Desde niño, Manita estuvo ahí. Con los pies embarrados, las rodillas raspadas y la vista clavada en la pelota como si fuera una estrella lejana que, de algún modo, podía alcanzarse. No necesitó escuela de talentos ni academias de elite. Aprendió a amar el fútbol entre arcos hechos con piedras, con balones remendados que picaban extraño y goles que se gritaban como si fueran eternos. Su infancia fue un desfile de partidos en potreros donde las líneas no estaban pintadas, pero el corazón marcaba la cancha.
No hizo carrera en estadios internacionales ni firmó contratos con grandes medios. No lo necesitaba. Su vocación siempre fue otra: estar donde nadie más quiere estar, contar lo que nadie más cuenta. Esos partidos de domingo en canchas polvorientas, los goles de un Sub-13 que no saldrán en la prensa nacional, los abrazos silenciosos tras un empate que sabe a victoria.
Manita no narra goles. Los vive, los anota, los fotografía, los convierte en memoria. Es reportero de alma y de calle, cronista de los rincones donde el fútbol todavía es juego, sudor y fe.
Con los años, su pasión se volvió contagiosa. Formó un equipo. Uno que, como él, no le teme al barro ni a la lluvia. Jóvenes y veteranos que aprenden de su ejemplo: constancia, respeto, humildad. Y sobre todo, amor verdadero por el deporte, sin maquillaje ni filtro.
Hoy, Manita Deportes es un testimonio de esfuerzo. Cubren desde el profesionalismo hasta la liga rural. Con cada historia que publican, con cada foto, con cada crónica, levantan el corazón de un pueblo que respira fútbol.

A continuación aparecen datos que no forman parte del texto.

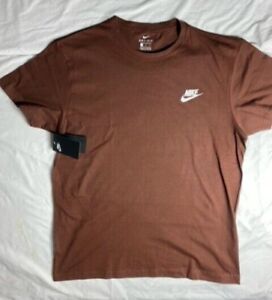 Nike Large Brown Logo Tee - Crew Neck T Shirt - Regular Fit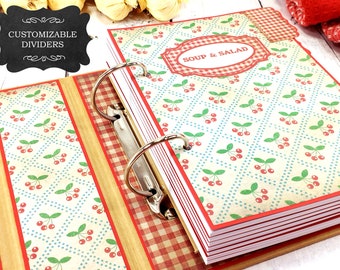 Personalized Farmhouse Blank Cookbook Binder with Customizable Dividers, Retro Recipe Book with Crochet Lace, Vintage Cherry Recipe Book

A veces llega en su auto cargado de equipos, otras simplemente con su celular y su cuaderno. Siempre atento, siempre dispuesto. Porque no importa el medio, lo que importa es la mirada. Y la de Manita ve lo que otros no ven: las lágrimas del perdedor noble, el orgullo en los ojos de un joven que debutó, la hinchada pequeña que canta como si jugara la selección.
Manita no busca fama. Su recompensa es otra: ver cómo un niño sonríe cuando se ve en una publicación, cómo un equipo amateur se siente importante porque alguien contó su historia.
Y cuando algún día el tiempo lo obligue a guardar sus cámaras, quedará su legado. Porque el fútbol renguino tiene memoria, y en ella estará siempre él: Manita, el reportero que convirtió su vida en una crónica de amor por la cancha.